### MATERIAL FOR THE TASK:
--*--
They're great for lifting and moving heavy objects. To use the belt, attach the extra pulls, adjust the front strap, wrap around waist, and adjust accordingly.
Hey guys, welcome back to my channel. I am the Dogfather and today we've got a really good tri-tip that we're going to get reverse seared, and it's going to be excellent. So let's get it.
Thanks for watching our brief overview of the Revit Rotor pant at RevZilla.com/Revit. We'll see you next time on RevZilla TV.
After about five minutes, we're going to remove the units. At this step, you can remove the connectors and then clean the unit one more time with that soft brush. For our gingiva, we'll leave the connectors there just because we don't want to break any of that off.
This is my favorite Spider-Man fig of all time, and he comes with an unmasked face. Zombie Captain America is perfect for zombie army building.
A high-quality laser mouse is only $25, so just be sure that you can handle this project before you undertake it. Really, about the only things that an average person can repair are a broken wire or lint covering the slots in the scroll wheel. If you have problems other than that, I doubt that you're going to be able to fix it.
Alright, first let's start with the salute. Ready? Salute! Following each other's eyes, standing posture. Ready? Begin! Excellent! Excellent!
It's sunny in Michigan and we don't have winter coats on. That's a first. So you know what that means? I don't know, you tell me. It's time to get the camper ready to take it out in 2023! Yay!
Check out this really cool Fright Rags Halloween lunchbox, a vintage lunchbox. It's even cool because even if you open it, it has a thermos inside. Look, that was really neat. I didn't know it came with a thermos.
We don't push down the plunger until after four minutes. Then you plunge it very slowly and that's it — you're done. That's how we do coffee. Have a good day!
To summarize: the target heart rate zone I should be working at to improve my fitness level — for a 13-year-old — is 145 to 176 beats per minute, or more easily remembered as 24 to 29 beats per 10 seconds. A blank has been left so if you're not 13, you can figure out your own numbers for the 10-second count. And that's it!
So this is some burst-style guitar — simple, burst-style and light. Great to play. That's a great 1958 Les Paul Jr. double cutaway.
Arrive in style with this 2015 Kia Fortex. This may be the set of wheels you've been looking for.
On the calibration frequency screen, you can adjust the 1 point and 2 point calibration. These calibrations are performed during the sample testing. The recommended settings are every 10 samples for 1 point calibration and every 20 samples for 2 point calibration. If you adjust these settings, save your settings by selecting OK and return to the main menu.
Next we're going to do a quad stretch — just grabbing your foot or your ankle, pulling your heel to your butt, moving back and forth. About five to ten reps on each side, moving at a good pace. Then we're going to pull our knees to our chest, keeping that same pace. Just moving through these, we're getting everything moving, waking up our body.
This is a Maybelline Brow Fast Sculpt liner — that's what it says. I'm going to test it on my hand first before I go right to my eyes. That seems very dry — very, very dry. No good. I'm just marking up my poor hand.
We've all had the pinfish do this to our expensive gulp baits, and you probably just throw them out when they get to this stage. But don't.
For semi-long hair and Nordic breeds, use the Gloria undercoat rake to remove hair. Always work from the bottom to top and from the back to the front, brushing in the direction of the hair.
--*--
### EXERCISE REQUIREMENTS:
Using the word "style" as the filter, copy each matching line from the material.

### TASK ANSWER:
So this is some burst-style guitar — simple, burst-style and light. Great to play. That's a great 1958 Les Paul Jr. double cutaway.
Arrive in style with this 2015 Kia Fortex. This may be the set of wheels you've been looking for.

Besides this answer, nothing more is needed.